By Joel Hodgdon, Central Midwestern States Coordinator, Congressional Sportsmen's Foundation
The days are growing shorter; the weather is getting colder; and my ammunition stockpile is growing larger. Deer season is upon us. Sitting and waiting for the right buck usually gives me a lot of thinking time and I often find myself reflecting on how fortunate I am to be able to hunt. I’m lucky that my family brought me up to love the outdoors. I’m blessed that I had breakfast before I climbed into my blind and I don’t ever have to miss a meal.
This isn’t the case for everyone. Even here in America, many people go hungry every day. Families and children struggling to get enough food to eat is a problem that we all should strive to solve. Thanks to several nonprofits and the wildlife agencies in many states, hunters like me can do our part to help those less fortunate than ourselves who go hungry. Every hunting season in my home state of Kansas, I’ll donate a few dollars online to a charitable game meat donation program when buying my license.
When I harvest a deer, I take pictures, field dress the deer, put it in the truck and take it in to my local meat processor. I can then give away some, or all, of my deer to the processor. The processor is reimbursed by the money donated by hunters and in some states by funds that the state budgeted to help the game donation program.
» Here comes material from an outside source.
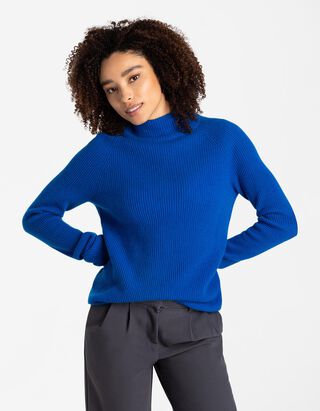 Žebrovan&yacute; pleten&yacute; svetr - Ka&scaron;m&iacute;r - tmave modra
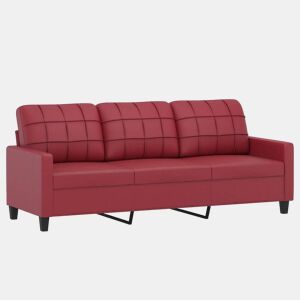 vidaXL Sofá de 3 lugares 180 cm couro artificial vermelho tinto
Kansas Hunters Feeding the Hungry, and other similar organizations like them across the country, will then pick up the venison from the processor and distribute the meat to churches, shelters, kitchens, food banks and other places that provide the less fortunate with a hot meal.
You can support game meat donation programs in the following ways:
- Give a tax-deductible donation when buying your hunting license, permit, or stamps. Or support a game meat donation nonprofit without buying a license by donating to the nonprofit on their website.
- Donate freshly harvested game to your local meat processor that participates in a donation program.
- When donating your game, pay the costs of processing so that the limited funds available for the game meat program can go further and help put more meals on the table.
- Only want part of your harvest? You don’t have to donate a whole deer, elk or other big game animal. Donate as much or as little of your animal as you would like.
The donation of wild game to those in need reaps other benefits as well. Game meat donation programs help improve the public’s image of hunting and can serve as a valuable conservation tool.
To get further involved, or find a place to donate your wild game, find a contact in your state here.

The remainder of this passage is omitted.